■ **Task requirements**: Write again exactly the lines in the listing below, starting at the line with "Женские кроссовки на" and ending at the line with "<a href=http://m.fujitong.com.cn/ target=_blank", both included. Pictures are not copied.

■ **Stored data**:
§ §

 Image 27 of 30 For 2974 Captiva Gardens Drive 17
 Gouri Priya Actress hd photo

§ §

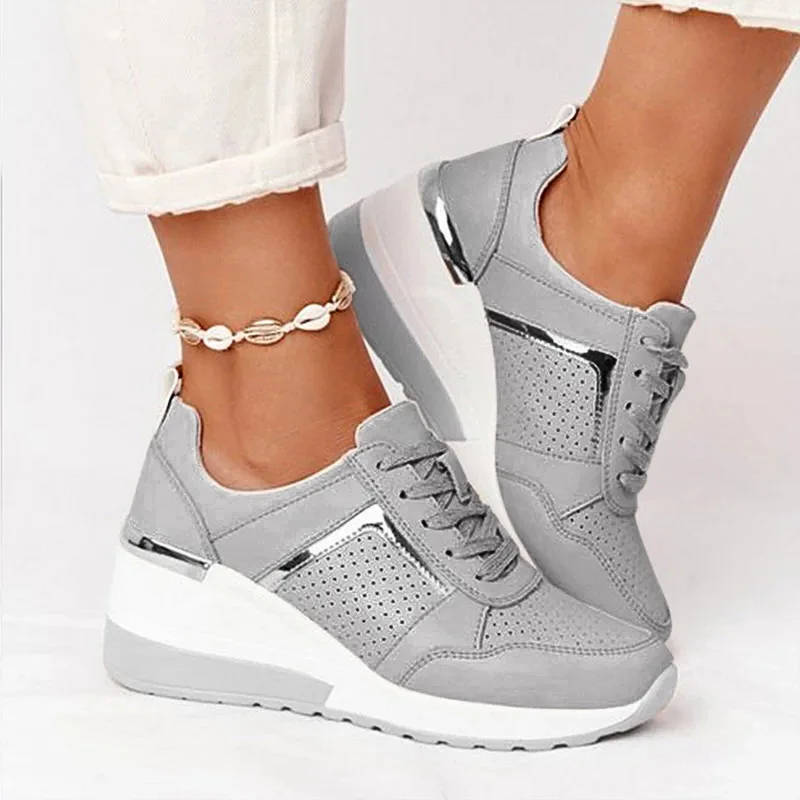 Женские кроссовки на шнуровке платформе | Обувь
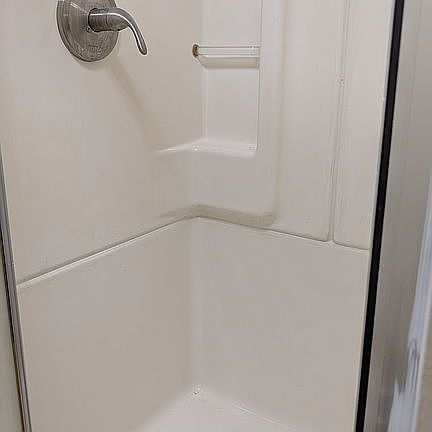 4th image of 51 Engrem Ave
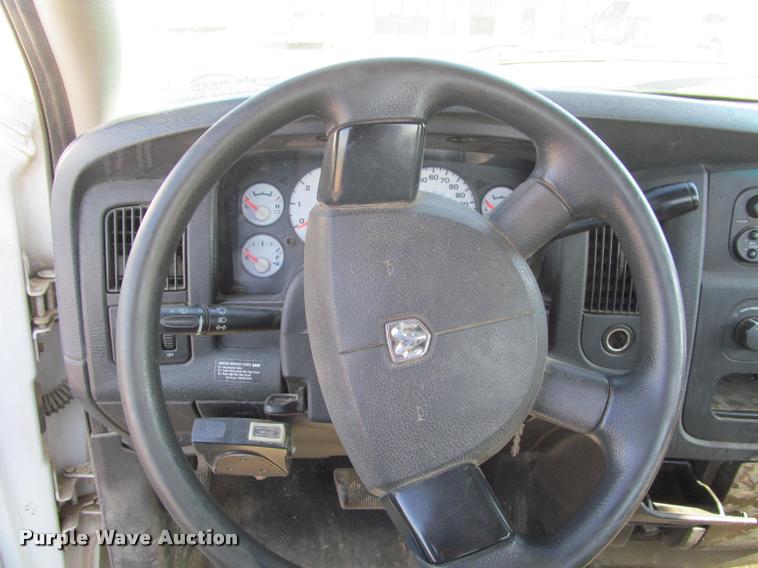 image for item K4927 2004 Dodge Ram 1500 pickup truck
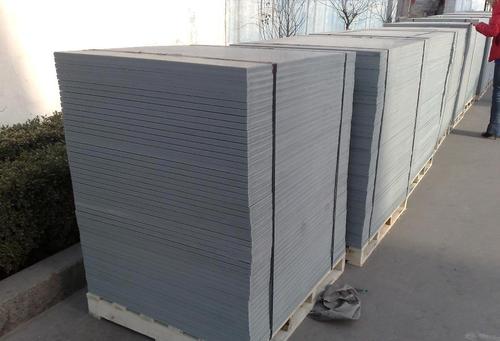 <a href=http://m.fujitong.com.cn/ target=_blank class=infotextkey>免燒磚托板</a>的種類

§ §

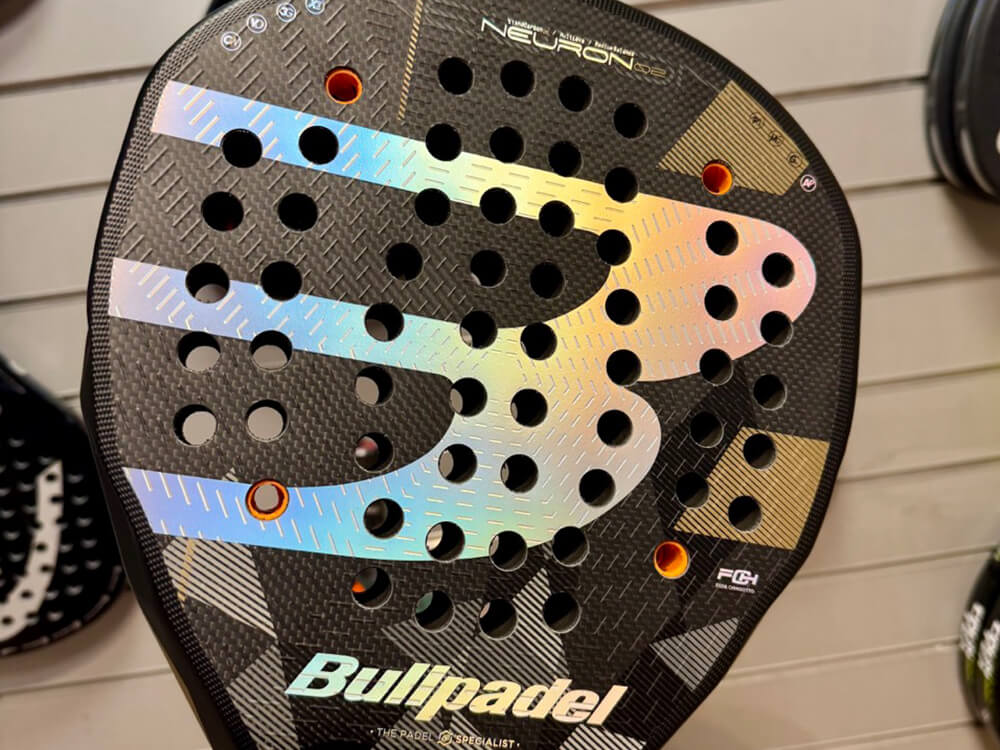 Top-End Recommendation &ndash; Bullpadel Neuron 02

§ §

■ **Answer space**:
 Женские кроссовки на шнуровке платформе | Обувь
 4th image of 51 Engrem Ave
 image for item K4927 2004 Dodge Ram 1500 pickup truck
 <a href=http://m.fujitong.com.cn/ target=_blank class=infotextkey>免燒磚托板</a>的種類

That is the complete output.